INPUT MATERIAL
.....

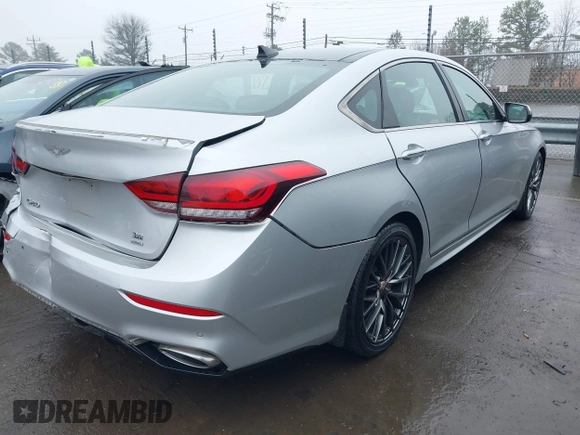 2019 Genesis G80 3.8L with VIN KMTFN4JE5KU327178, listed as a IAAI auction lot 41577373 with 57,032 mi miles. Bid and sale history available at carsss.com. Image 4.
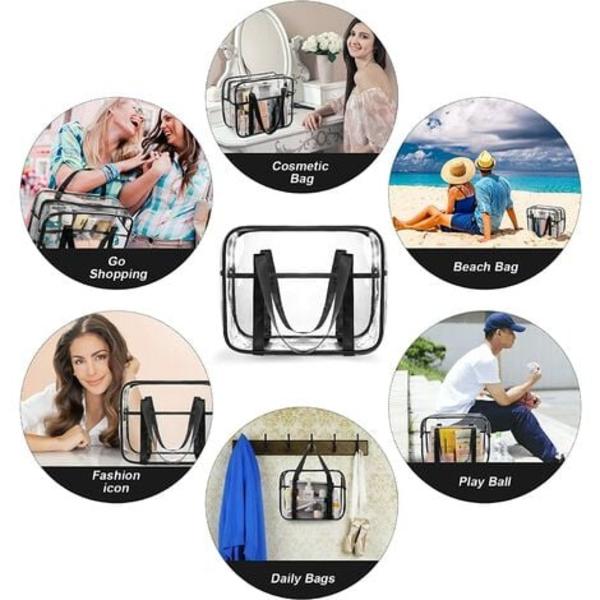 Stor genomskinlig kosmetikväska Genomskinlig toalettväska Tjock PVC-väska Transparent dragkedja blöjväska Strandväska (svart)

.....

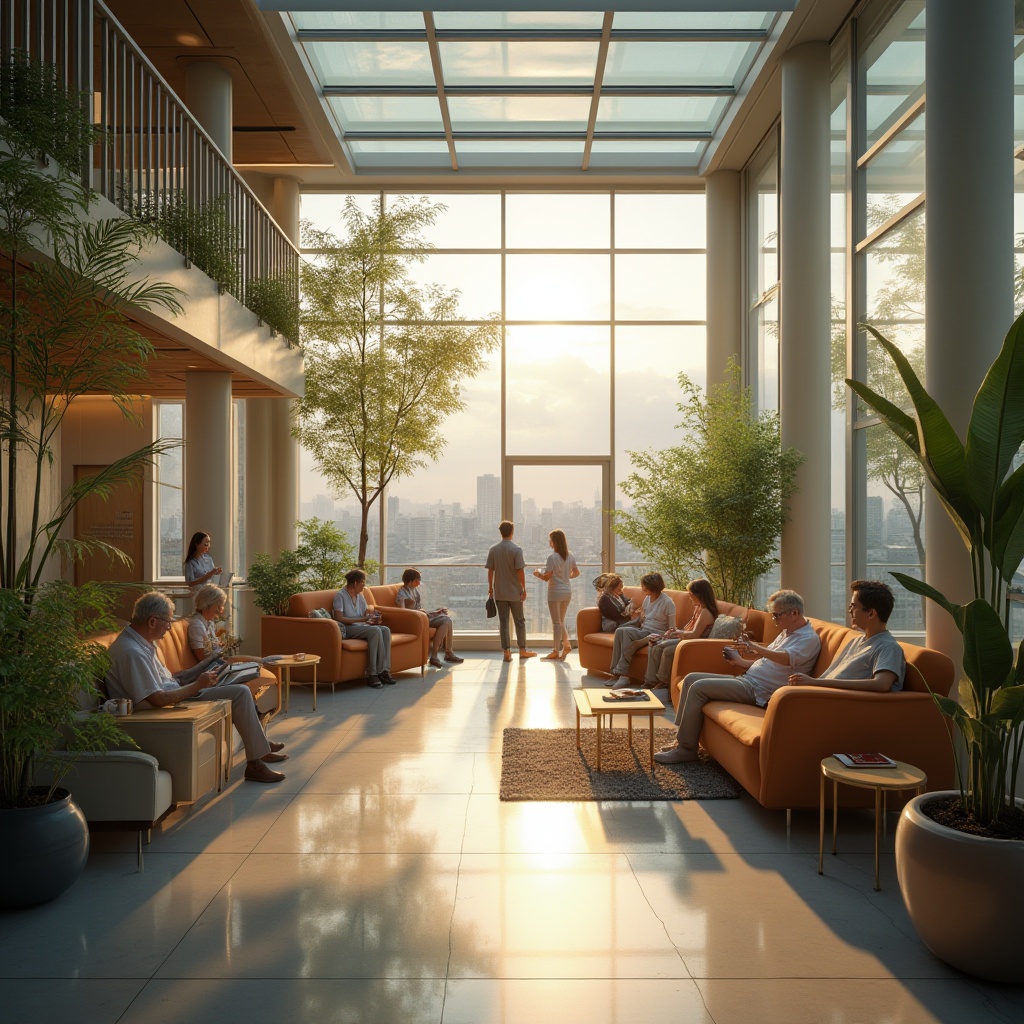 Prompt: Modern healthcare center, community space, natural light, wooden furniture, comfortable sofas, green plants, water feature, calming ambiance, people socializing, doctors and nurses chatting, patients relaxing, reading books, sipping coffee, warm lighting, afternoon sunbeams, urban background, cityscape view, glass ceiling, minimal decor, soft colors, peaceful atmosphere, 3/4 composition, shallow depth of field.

.....

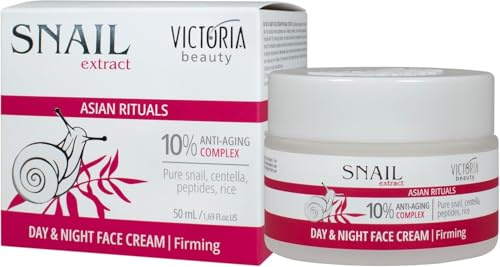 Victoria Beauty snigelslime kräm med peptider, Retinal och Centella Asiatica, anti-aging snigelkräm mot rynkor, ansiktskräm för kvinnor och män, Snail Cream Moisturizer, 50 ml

.....

EXERCISE AIM
The lines to reproduce run from the one above containing "2019 Genesis G80" through the one containing "Stor genomskinlig kosmetikväska". Copy them exactly and leave out all pictures.

SOLVED EXERCISE
 2019 Genesis G80 3.8L with VIN KMTFN4JE5KU327178, listed as a IAAI auction lot 41577373 with 57,032 mi miles. Bid and sale history available at carsss.com. Image 4.
 Stor genomskinlig kosmetikväska Genomskinlig toalettväska Tjock PVC-väska Transparent dragkedja blöjväska Strandväska (svart)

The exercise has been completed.